It's one of India's largest physics projectsIn a dramatic face-off between environmentalists and physicists, the construction of the India-based Neutrino Observatory (INO) under the Nilgiri hills at Singara was not approved. Authorities determined that the endangered elephants which have set up their habitat in the area are simply too valuable to allow for the excavation of the hills and the transport of the massive pieces of equipment through pristine jungle paths. Experts with INO have argued that the amount of debris their activities will generate will be minimal, but still their request was not approved, Nature News reports.
The site is located in the Indian state of Tamil Nadu, right beneath the Nilgiri Biosphere Reserve (NBR), which houses elephants and tigers that are facing extinction worldwide. The latest decision is only the last in a row of controversies that have plagued the Observatory since 2006, when the first conflicts between conservationists and the INO managers began. The announcement that construction work at the 6.8-billion rupee ($150 million) site will not go through was made on November 20 by Jairam Ramesh, who is India's Minister of Environment and Forests. He essentially told scientists that Singara is off-limits.
“Everybody in the INO project is disappointed. Preparing a new site means a further delay of one year to a project that has already lost four years due to environmental activism,” explains Naba Mondal. He is a physicist at the Mumbai-based Tata Institute of Fundamental Research, and also a spokesman for the Observatory project. A potential alternative location was proposed in the region of Suruliyar, but the experts dropped it because there was no way of collecting in time data on the characteristics of the rocks at these locations. Such knowledge is instrumental in understanding how the rock will behave when subjected to the explosions needed to create the telescope's cavern.

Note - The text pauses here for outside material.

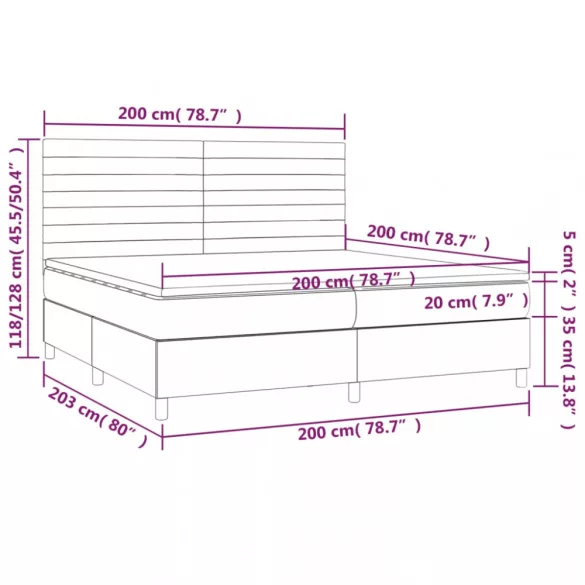 sötétszürke szövet rugós ágy matraccal 200 x 200 cm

“We are indeed relieved. We only represent organizations in Nilgiri. It may happen that some of the members also active in [Suruliyar] will protest if there is a serious threat to nature,” says NBR Alliance coordinator Tarsh Thekaekara. His group was the main opposition to the INO construction at Singara, and apparently the environmentalists will also take up action in Suruliyar if the need arises. The latter area is located very close to the Periyar tiger reserve, though admittedly it does not pass right through it. The INO construction phase will only begin when all clearances from the government are obtained.